▶ _Required action_:
Nothing but the lines from the one with "DevOps Process Using" down to the one with "Soi kèo hiệp" should be returned, exactly and with both ends included, from the material below.

▶ _Stored data_:
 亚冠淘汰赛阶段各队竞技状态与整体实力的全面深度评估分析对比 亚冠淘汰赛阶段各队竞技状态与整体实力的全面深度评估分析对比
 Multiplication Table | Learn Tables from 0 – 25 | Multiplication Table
---
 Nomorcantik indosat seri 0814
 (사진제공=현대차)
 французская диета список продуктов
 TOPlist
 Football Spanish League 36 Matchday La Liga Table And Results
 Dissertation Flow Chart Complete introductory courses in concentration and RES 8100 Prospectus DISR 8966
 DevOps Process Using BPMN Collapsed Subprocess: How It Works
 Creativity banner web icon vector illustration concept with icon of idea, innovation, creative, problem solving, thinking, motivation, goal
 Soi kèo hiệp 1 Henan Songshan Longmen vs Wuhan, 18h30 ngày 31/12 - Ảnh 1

▶ _Output for this task_:
 DevOps Process Using BPMN Collapsed Subprocess: How It Works
 Creativity banner web icon vector illustration concept with icon of idea, innovation, creative, problem solving, thinking, motivation, goal
 Soi kèo hiệp 1 Henan Songshan Longmen vs Wuhan, 18h30 ngày 31/12 - Ảnh 1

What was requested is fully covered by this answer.